An oil field beneath Long Beach could be worth $280 million to the city over the next 10 years. It's almost as if Jed Clampett himself shot a hole in the ground near the city's port, in an area know as the Wilmington Oil Field.

The projections were reported over the weekend in the Long Beach Press-Telegram, which stated that the city could split profits from future drilling with Occidental Petroleum if a deal is struck with company to find all the black bubbly that experts think is there. Occidental would take about $240 million over the decade to do it's part: extract black gold.

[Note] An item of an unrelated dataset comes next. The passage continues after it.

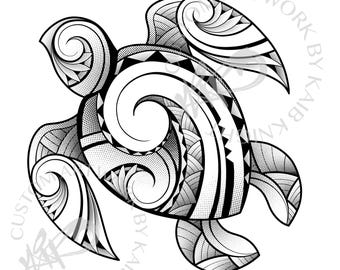 May include: Black and white illustration of a sea turtle with intricate tribal patterns. The design features swirling lines, geometric shapes, and dot shading, creating a detailed and artistic representation of the turtle.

“In terms of actual revenue that will fund general fund requirements, additional police, additional recreation, there's nothing like this that I know of,” Mayor Bob Foster told the Press-Telegram. “If you could see additional revenue without significant environmental impact, why wouldn't you do it?”

Occidental says it will take a $50 million investment in equipment and manpower at the site to grab the oil, so it wants a long-term contract with the city, which runs much of the site for the state as a trustee. As a result, A lion's share of the city's cut, $150 million, would have to go to its Tidelands Fund for such things as coastal development and lifeguards. Environmentalists, nonetheless, are concerned that extracting oil will pump noxious air over the coastal area.

What's more, nothing's ever a done deal when it comes to Long Beach. The city is famous for letting big projects slip through its hands, from a proposed Disney park there in 1992 to a Tesla car factory today (the mayor of Downey has claimed near-victory, although Long Beach has upped the ante and is still in the running).

The deal would also need state approval.